*ACTIVITY*: Every picture stays out; everything else in the listing below is to be returned exactly.

*RECORDS PROVIDED*:
________________

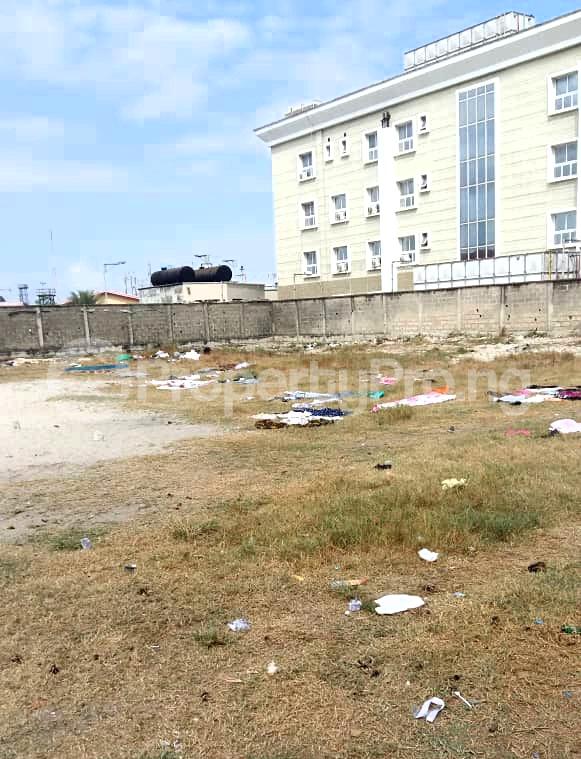 Land for sale Beside Lagos Arbitration Court Lekki Phase 1 Lekki Lagos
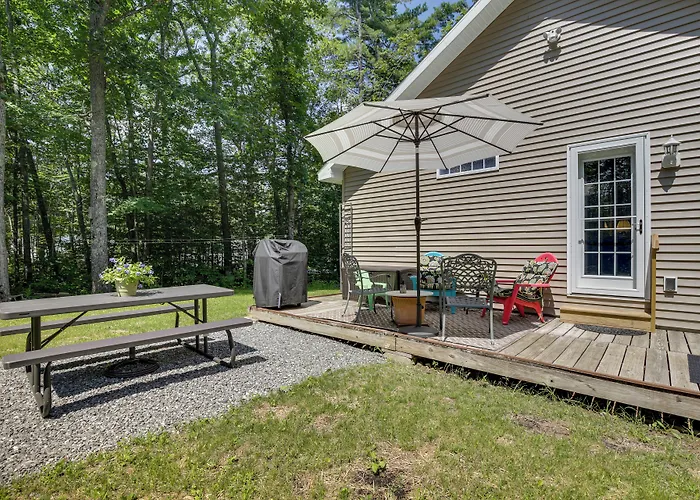 Maine Cottage W/ Dock & Kayaks, Near Augusta!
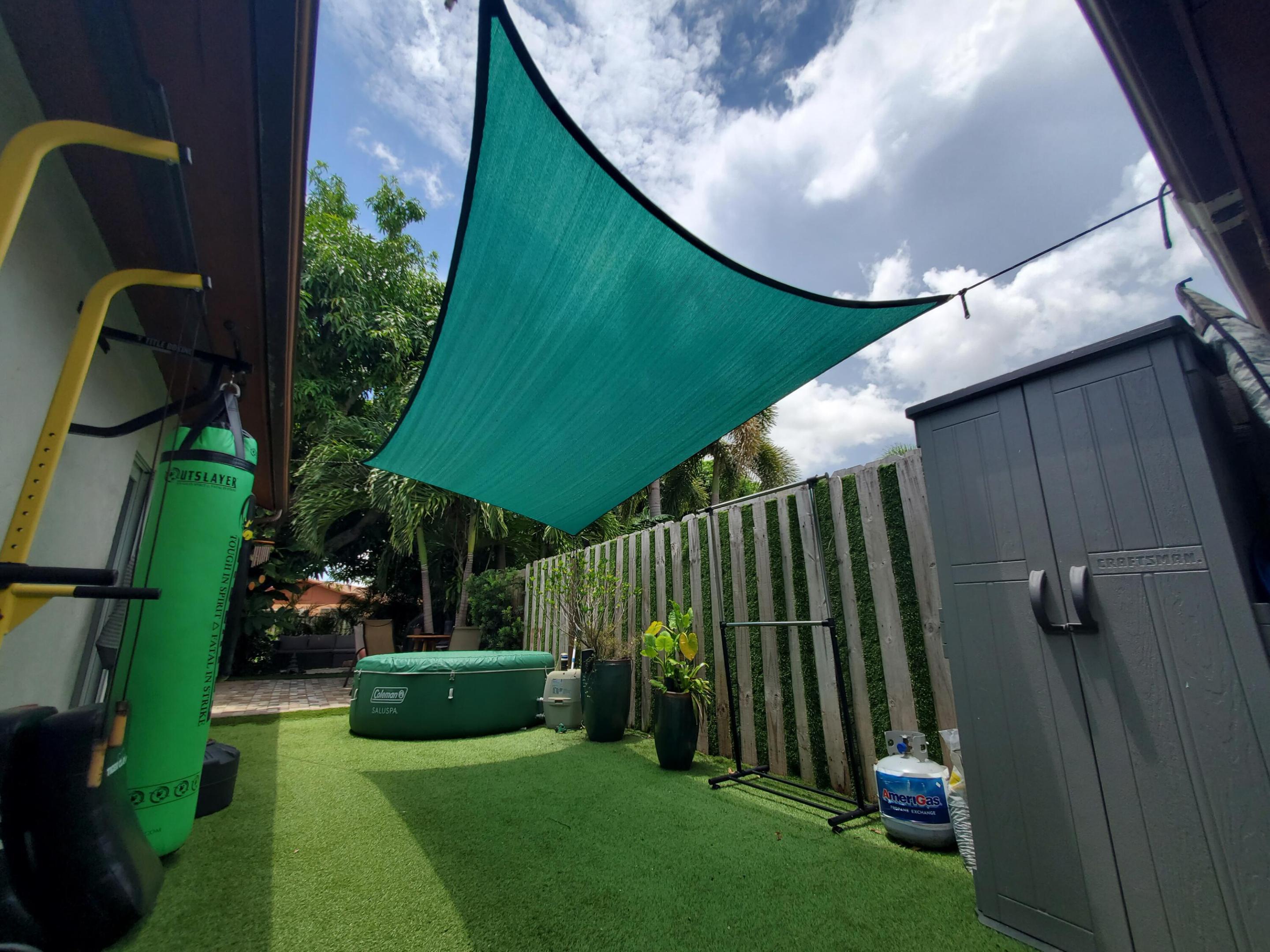 LOS MANGOS PATIO VILLAS AND TOWNHOMES - Residential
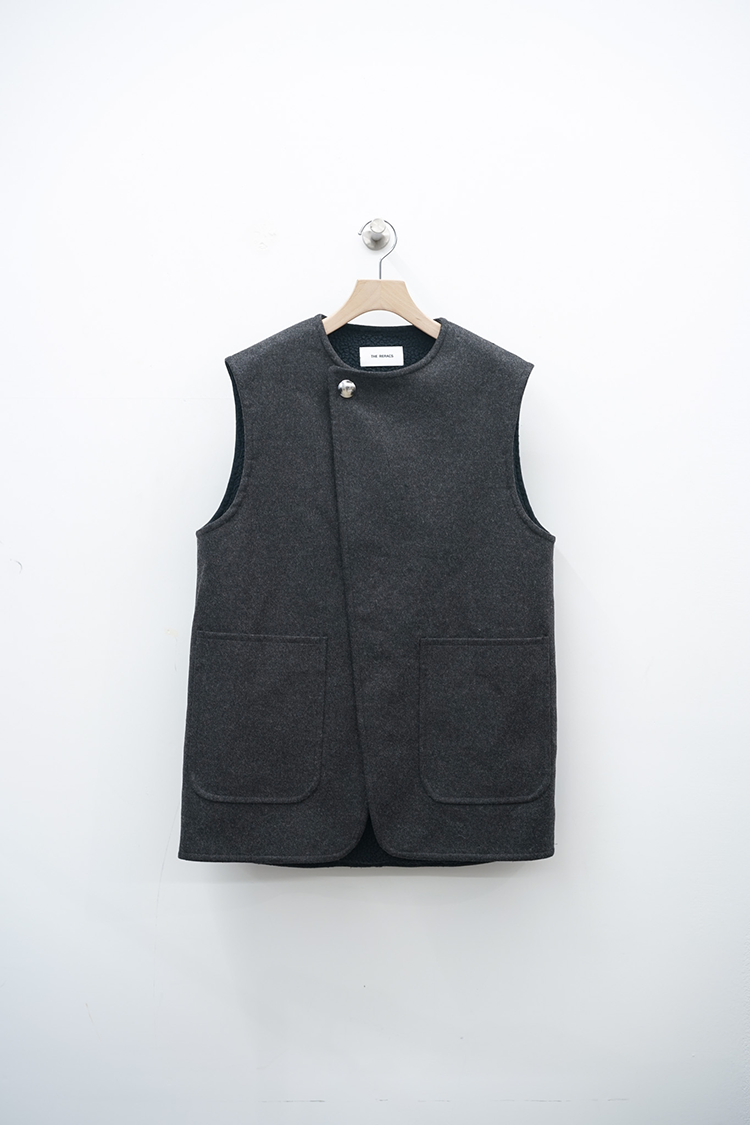 THE RERACS JERKIN VEST / GRAY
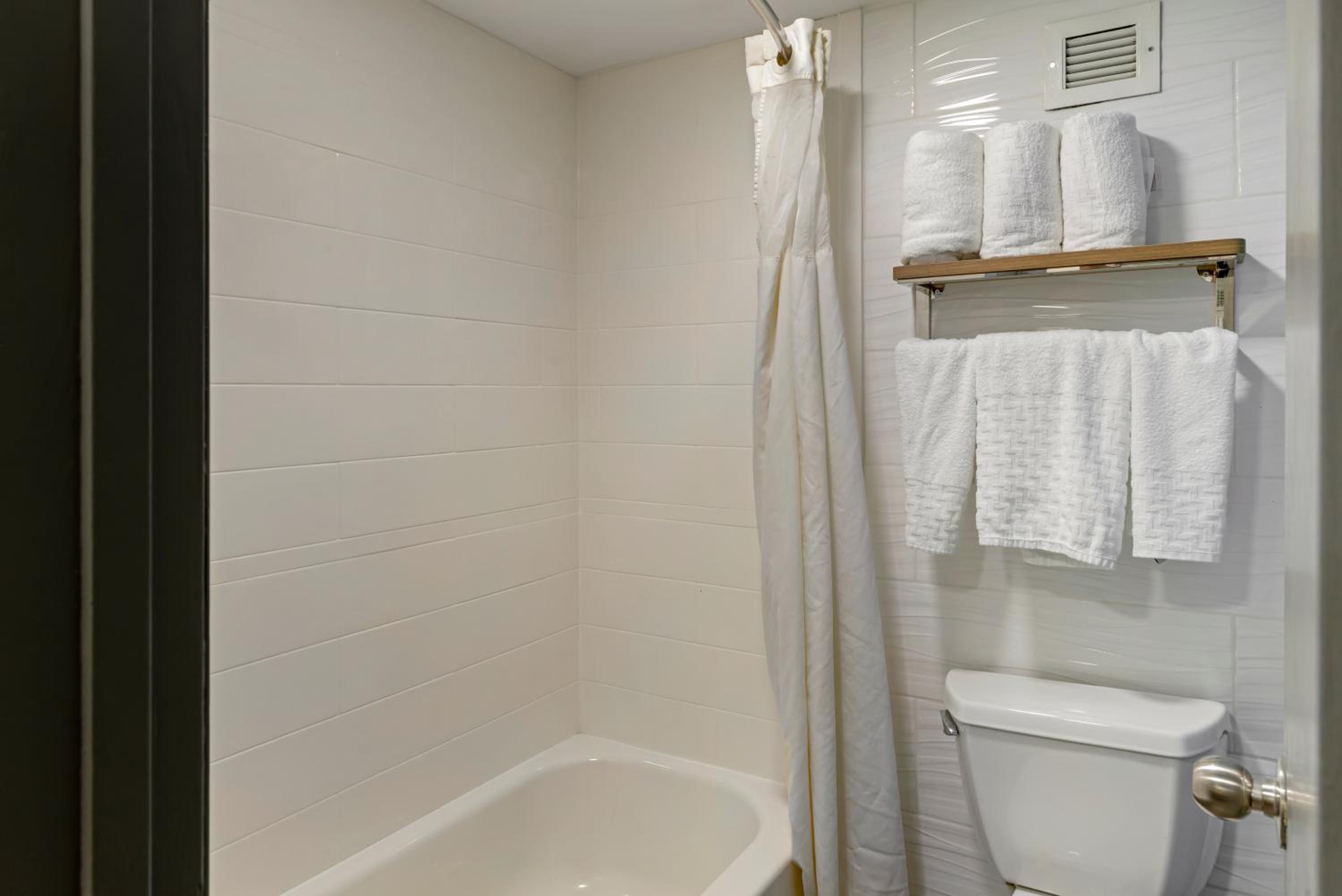 King Room - Non-Smoking - Photo 2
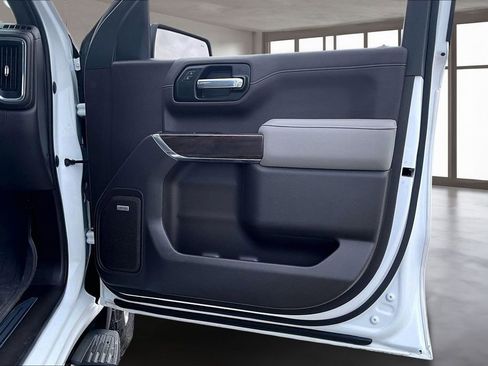 Used 2021 GMC Sierra 1500 SLT w/ SLT Premium Plus Package image 29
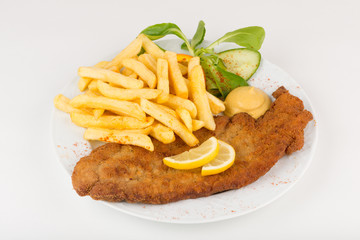 Schnitzel mit Pommes
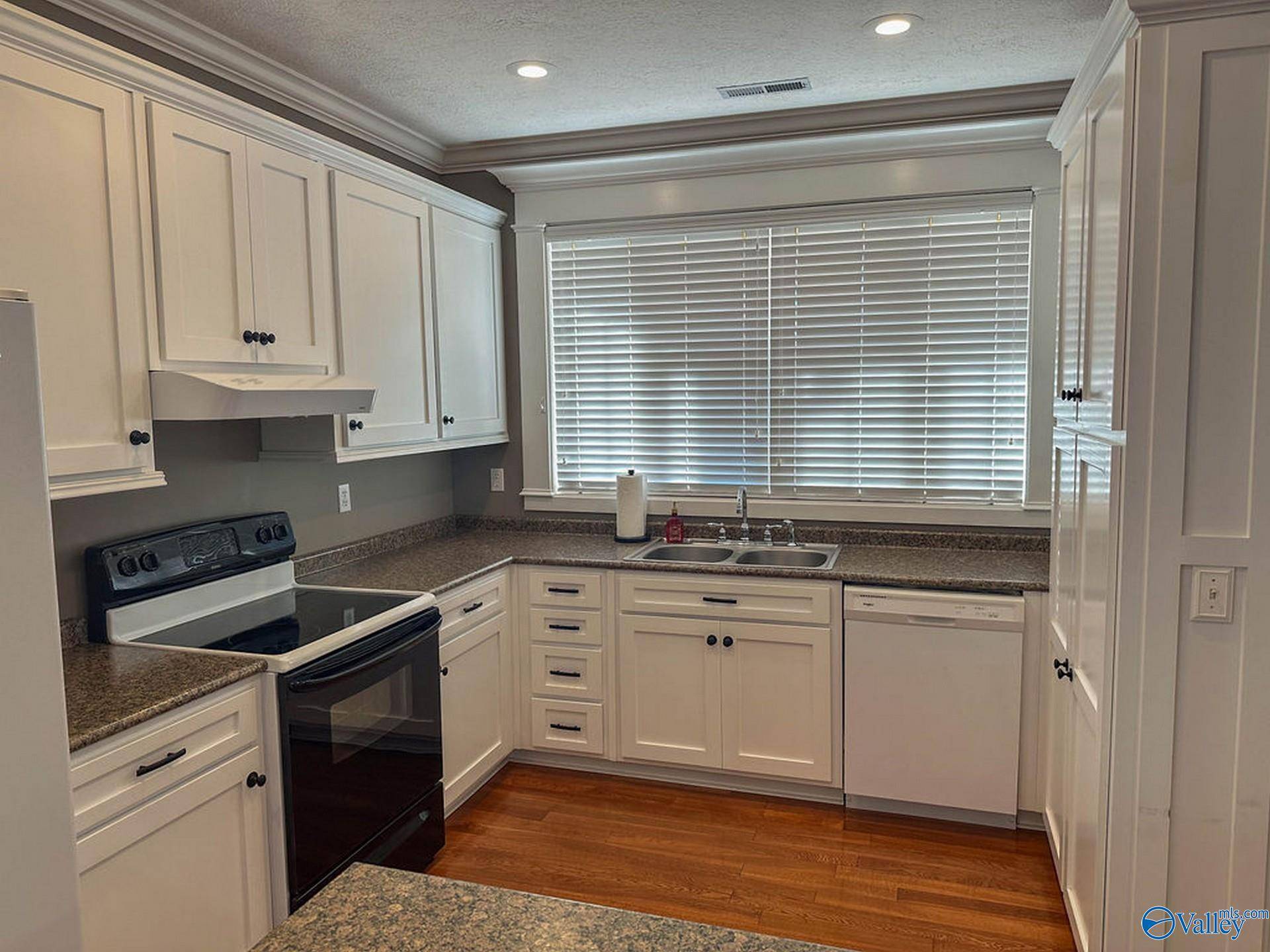 Arab, AL 35016,421 South Main Street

________________

*PROBLEM SOLUTION*:
 Land for sale Beside Lagos Arbitration Court Lekki Phase 1 Lekki Lagos
 Maine Cottage W/ Dock & Kayaks, Near Augusta!
 LOS MANGOS PATIO VILLAS AND TOWNHOMES - Residential
 THE RERACS JERKIN VEST / GRAY
 King Room - Non-Smoking - Photo 2
 Used 2021 GMC Sierra 1500 SLT w/ SLT Premium Plus Package image 29
 Schnitzel mit Pommes
 Arab, AL 35016,421 South Main Street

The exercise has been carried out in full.